To be an anti-Zionist in 2026 is to deny Israel’s right to exist at a time when radical views have permeated the discourse of left-wing parties in Western countries, fuelling political polarization and violence against Jews unseen since the Holocaust. Left-wing denunciations of Israel’s conduct in Gaza, legitimate on their own, are now routinely laced with antisemitic tropes and dog whistles that serve to encourage anti-Israel extremists.

The new NDP president, Niall Ricardo, greeted last fall’s ceasefire in Gaza, which included a plan to prevent Hamas from rebuilding its military capability, by posting: “The only entity that needs deradicalization and disarmament is the one committing genocide: Israel. Zionism is the sin, genocide is the crime.”

https://www.theglobeandmail.com/opinion/article-the-ndp-has-an-antisemitism-problem/

#Antizionism #Antisemitism #Canada #Canpol #NDP #JewHatred

The NDP has an antisemitism problem

Recently, there has been more than a whiff of antisemitism about the way the party’s conducting itself

The Globe and Mail

@serge "Being Anti-Zionist in the 1800s is not the same as being Anti-Zionist today"

I've been thinking about this line for days.

@jaklacroix

It's one thing to be against a proposed action that represents the creation of a political body.
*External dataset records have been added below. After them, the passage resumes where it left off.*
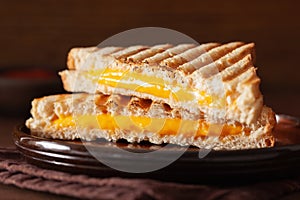 Grilled cheese sandwich on rustic brown background photo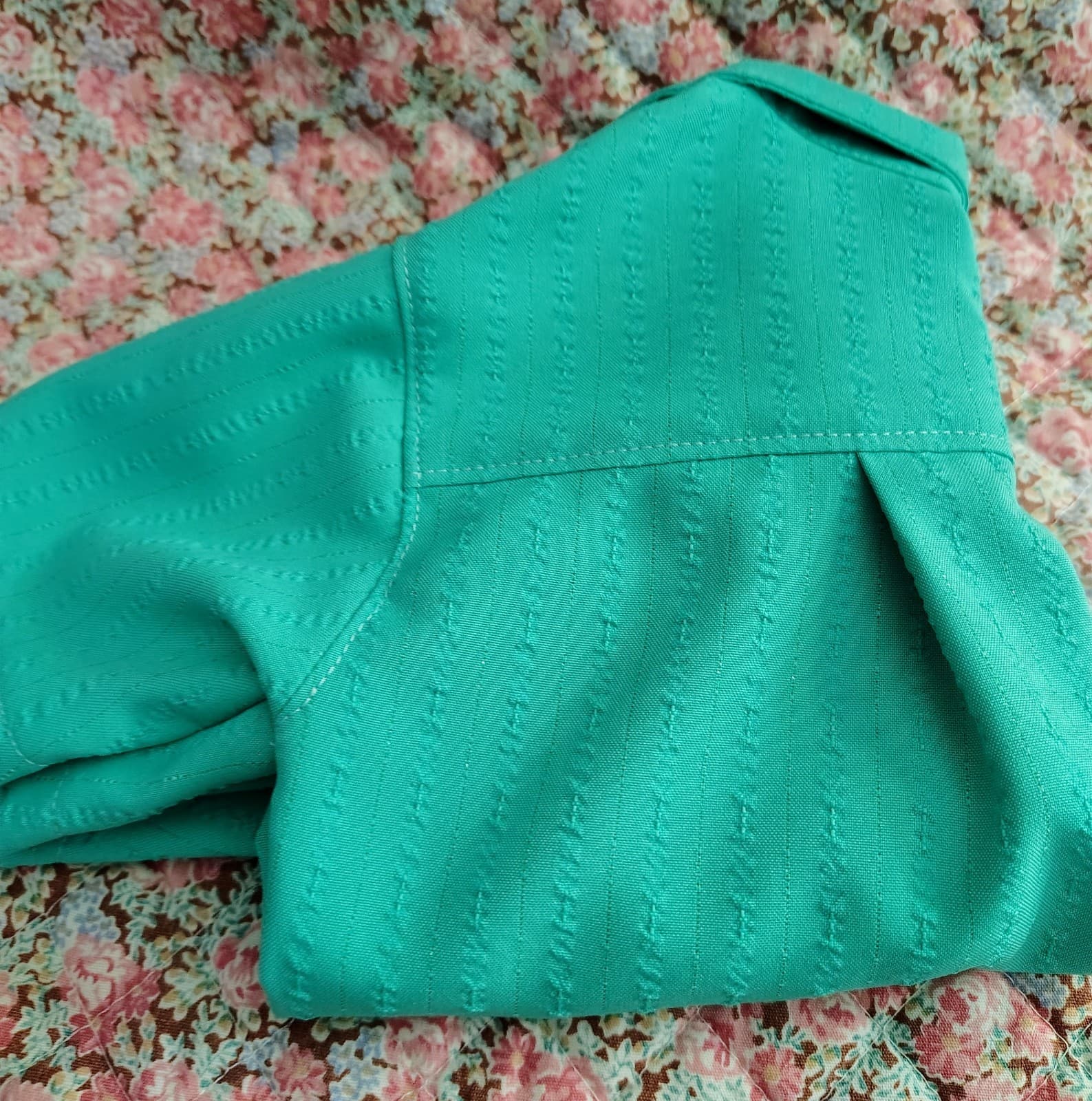 Amish Handmade Baby Boys Green Dress Shirt Diaper Cover - Thumbnail 2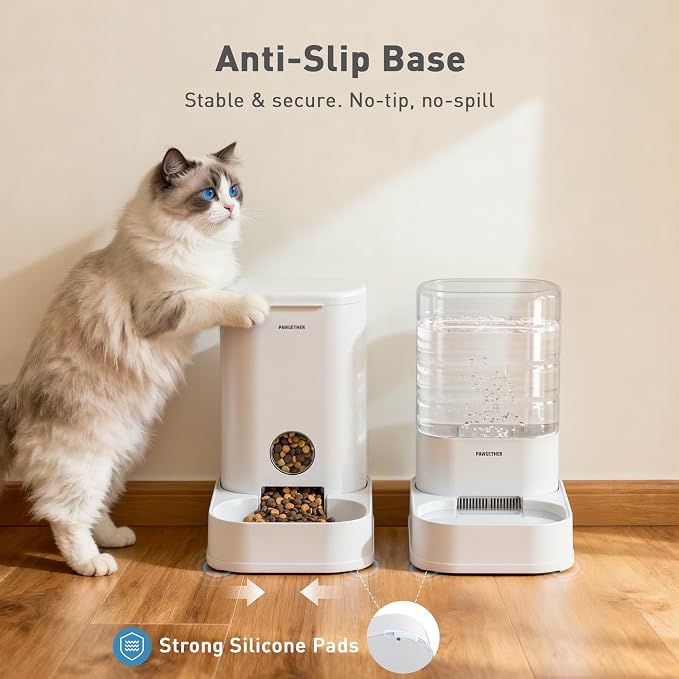 PAWGETHER® 2 Pack Gravity Cat Feeder and Water Dispenser 1 Gallon/3.5L - Image 9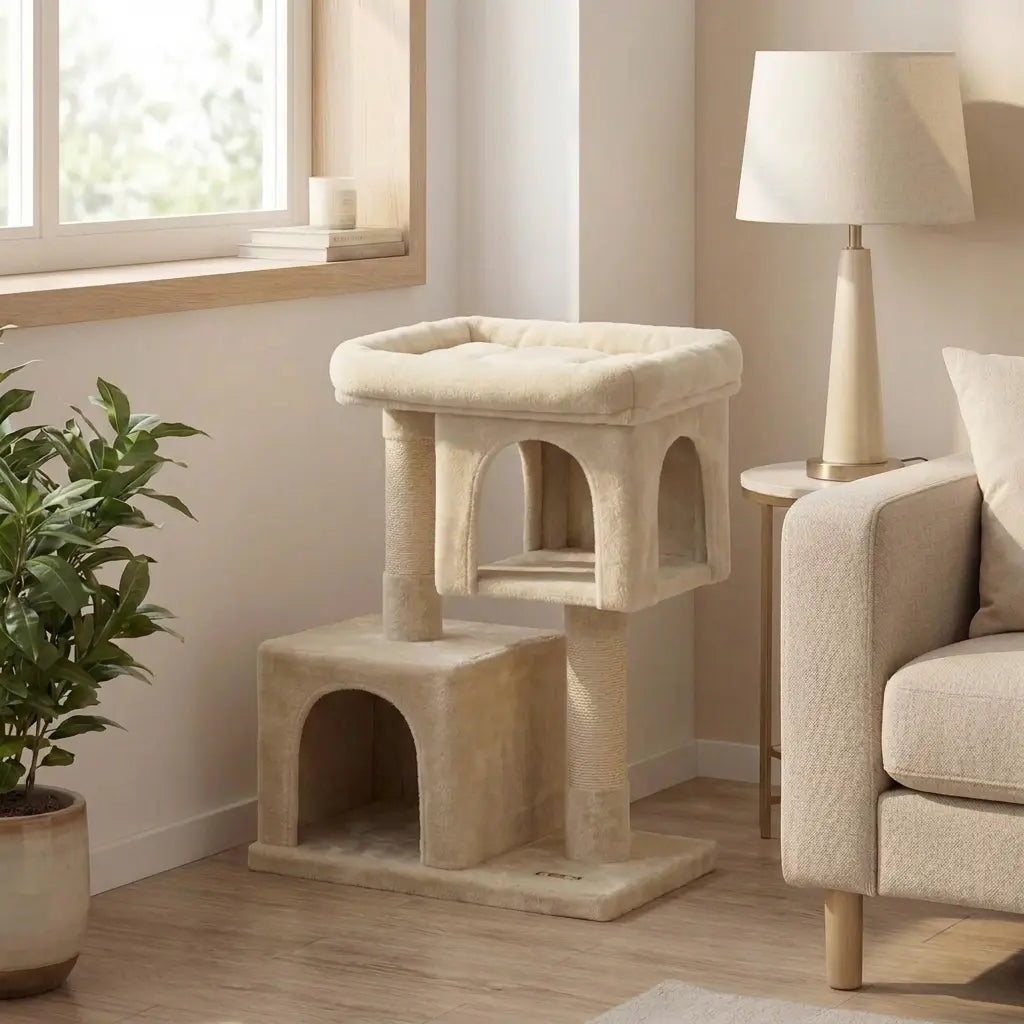 Arbre à chat beige à 2 niveaux avec niches, poteaux en sisal et plateforme rembourrée dans un salon lumineux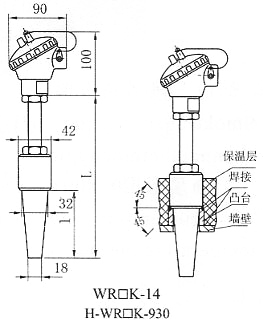 中压中温热电偶 WR□K-14 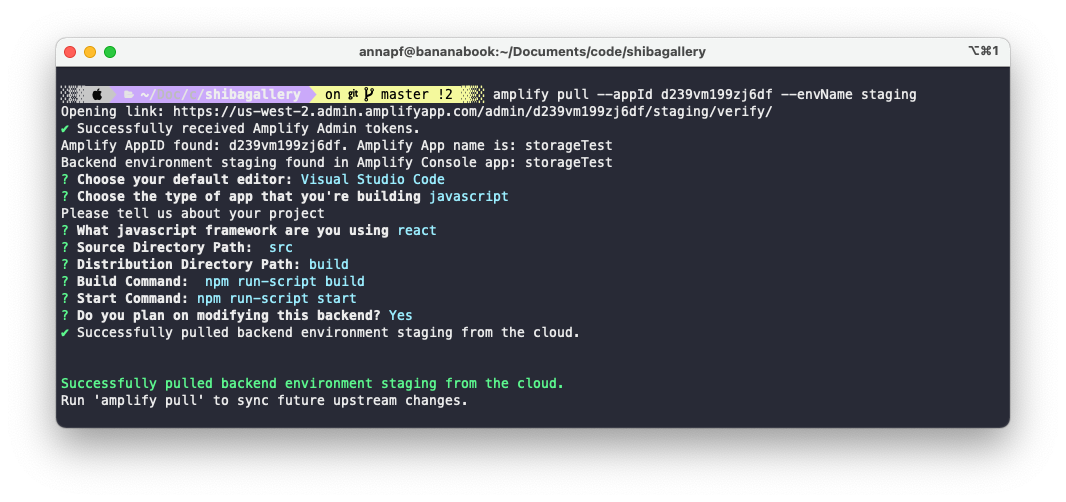 Select your preferred editor, select javascript, and react for the type of app and framework you’re building. Then, select all of the default settings.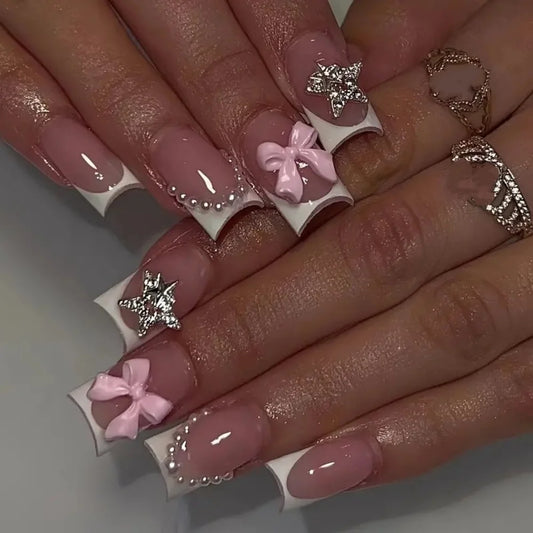 24pcs Simple White French False Nails Art Detachable Star Diamond Fake Nail Tips Bow Pearl Design Short Square Press on Nails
It's another thing to, with 80 years of history, essentially advocate for the genocide of half the world's Jews.

They're not the same, and I find those who argue that they are the same to be acting in extremely bad faith.

@serge yeah. Like, I've met and spoken to people who legitimately advocate for the "dismantling" of the state of Israel and when you ask then what that means/its consequences, they can't really tell you anything beyond "transfer of all land to Palestinians". And like, sure, there's some arguments to be made RE: stolen homes, especially in Settlement areas, but they fully do not grasp that it will lead to an enormous pogrom and mass migration. That, or they don't care.
@jaklacroix @serge If you're in the US, you might ask those people if they approve the "dismantling" of the US, and returning it all to ownership of indigenous people.

@noam @serge

I have asked such, but about Australia. The answer is some form of "yes" but they still do not have an example of what that would look like, nor what would happen to the people who live there.

Unless you ask Indigenous activists, in which case they often say something very reasonable like, "We just want a real seat at the table for decisions about what happens on our ancestral lands."